"""

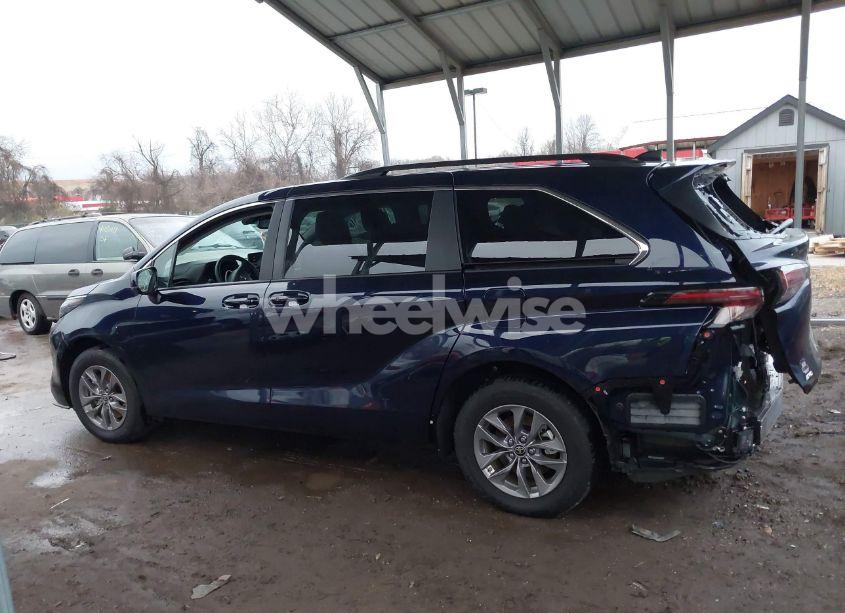 Photo 15 of 2024 Toyota Sienna LE (VIN 5TDBSKFC7RS118282)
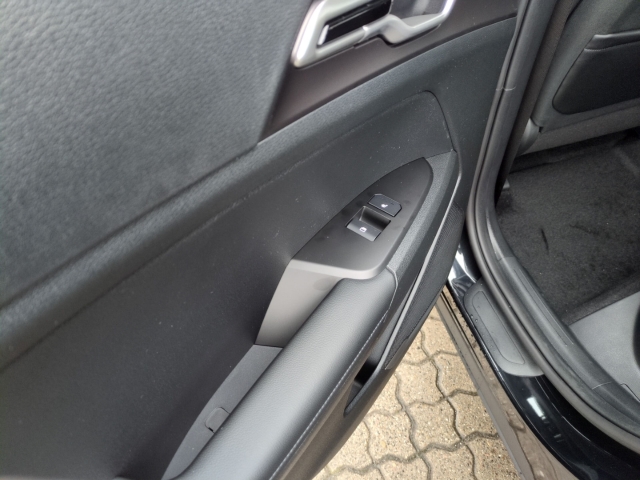 Fahrzeugansicht Kia Sportage Vision 1.6T AT Komfort-Paket Navi dig. Cockpit LED Sitzh. R.-Kam. - Bild 20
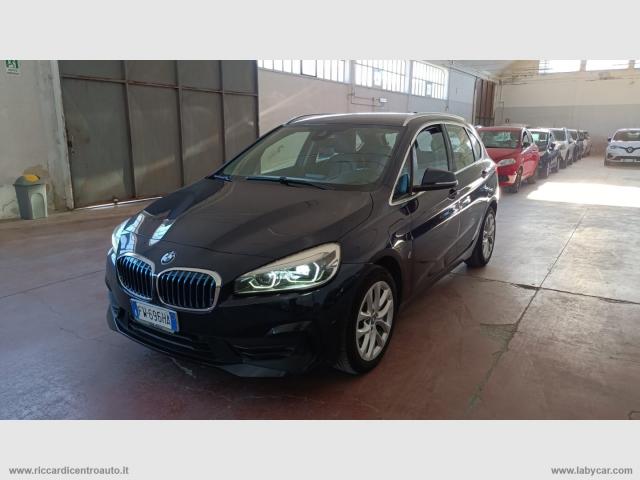 Auto - Bmw 225xe active tourer iperf. business aut.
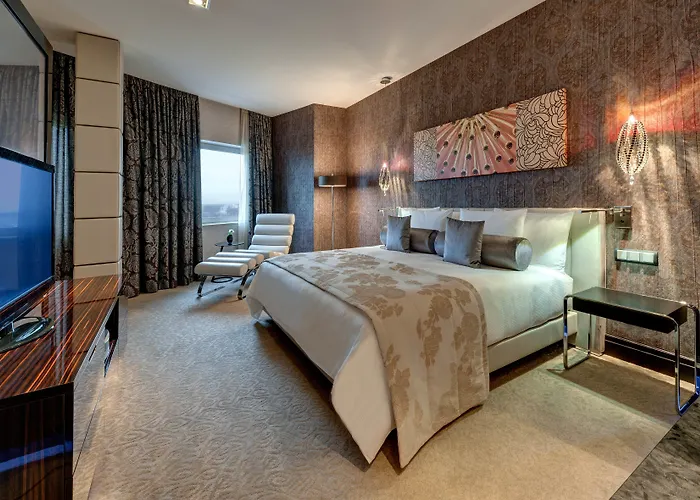 Hilton Frankfurt Airport Отель 4*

"""

Skip all pictures. Then give again, exactly, each line from the line holding "Auto - Bmw 225xe" through the last line of the listing above, both ends included.

** Response for this exercise **
 Auto - Bmw 225xe active tourer iperf. business aut.
 Hilton Frankfurt Airport Отель 4*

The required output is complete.